ON to DENVER: The top 70 players on the FedExCup points list will travel to Denver, Colorado for next week's BMW Championship, the semi-finals of the annual PGA Tour countdown to the season finale TOUR Championship at East lake CC near Atlanta, Georgia. ... Here in Boston, the top 100 players advanced to play but only 22 were eliminated after the cut and another seven players were shaved from competition yesterday evening after a rare modified cut-line was established to get the field of play down for Monday's final round. One of the players cut, Patrick Reed, shot an unspeakable 82 on Sunday after openings rounds of 68-68. Reed was No. 8 on the FedExCup points standings list coming into Boston. Reed is projected to drop to No. 14 after the rough round at TPC Boston.
BACK 9 NETWORK? - Jason Day has played the front 9 at the TPC Boston at -12 but the back nine at 2-over. "The front fits my eye," said Day on Sunday. "I like the front nine. The back nine, you've got to pay a little more respect, because it's a little tougher. Throughout the PGA Tour, normally, the harder holes are towards the end of the round. With that said, I feel I need to play the 18th hole a little better."
RYDER on the HORIZON: Although the PGA Tour playoffs are in full swing, the golf world seems to be more focused on the upcoming Ryder Cup tournament featuring the best players from Europe versus the USA in match play. Largely because the Ryder Cup is played every two years, the special nature of the tournament takes precedent over the regular season and playoffs in golf, much like the World Cup in soccer seems to dominate the news over the top European leagues. Northern Ireland's Rory McIlroy tries not to get caught up in the mix. "I won;t say I haven't thought about it," said McIlroy. "I'll think about it more the week before, maybe the weekend before we get there. Right now, I'm thinking about myself. I've got (this tournament in Boston), and then two very important weeks to think about before I pay any attention to the Ryder Cup."

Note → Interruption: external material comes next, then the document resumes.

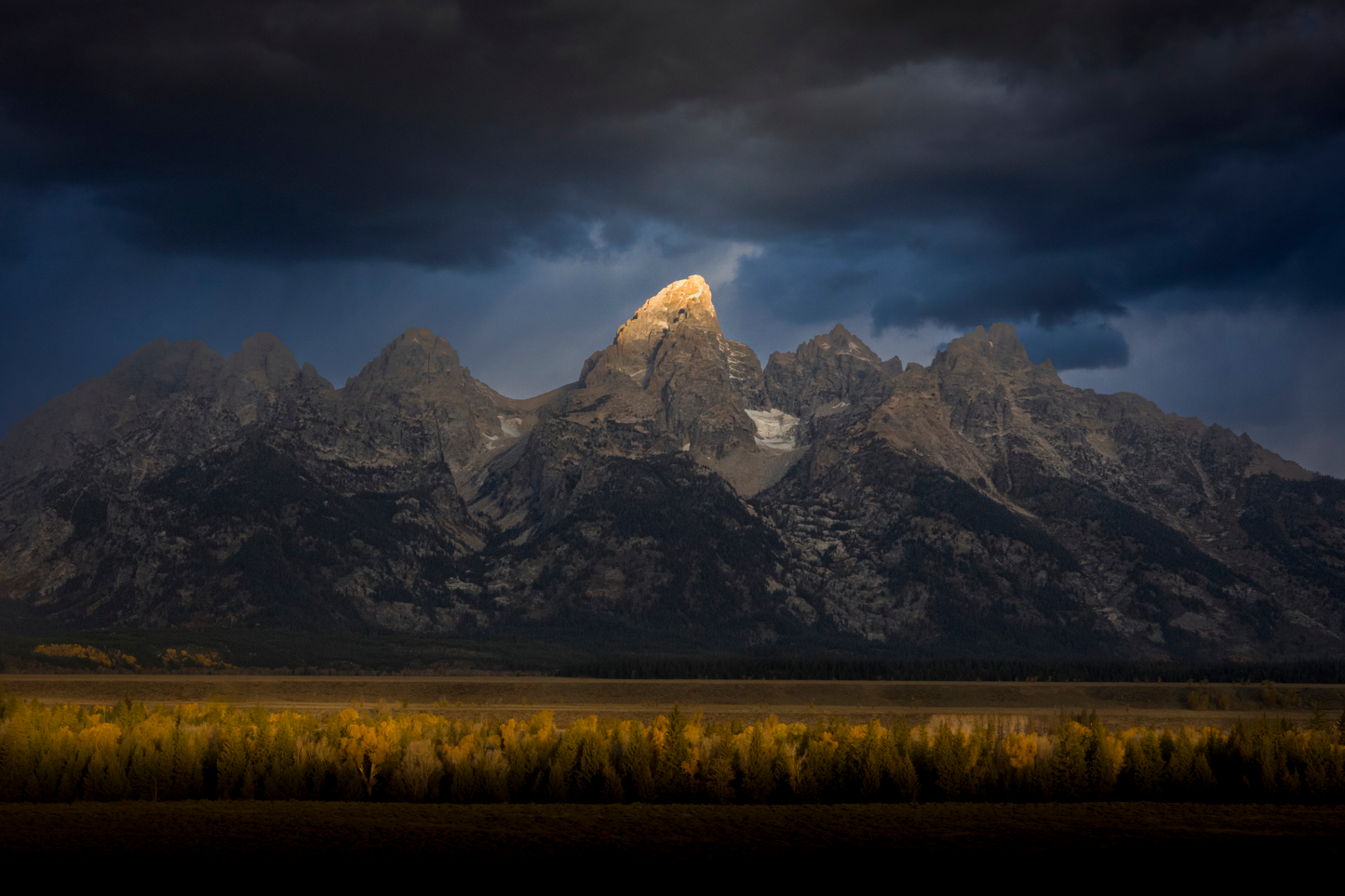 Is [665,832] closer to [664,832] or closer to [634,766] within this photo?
[664,832]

TOUGH COMPETITORS: Billy Horschel is known on the PGA Tour as a tough-minded competitor who might be playing his way on to the USA Ryder Cup team as a Captain's pick. Horschel was asked if it was a surprise to see R3 leader Russell Henley and himself atop the leaders going into the final round. "I'm not surprised to be here," he said. "If people are surprised that I'm in second place, then they must not know what kind of person I am. Obviously, my season hasn't been anywhere as good as last year, but I'm a guy that's going to keep working hard, keep grinding until they tell me the season is over and I can't play anymore. I've put a lot of time in the last few months, and it's just now starting to pay off. ... On Russell Henley: "He's a guy who comes from a basketball background. He's like a three-point shooter, he's going to keep shooting, and they're going to start falling sooner than later. That's his kind of mentality. I like that. He's a guy who is never going to give up."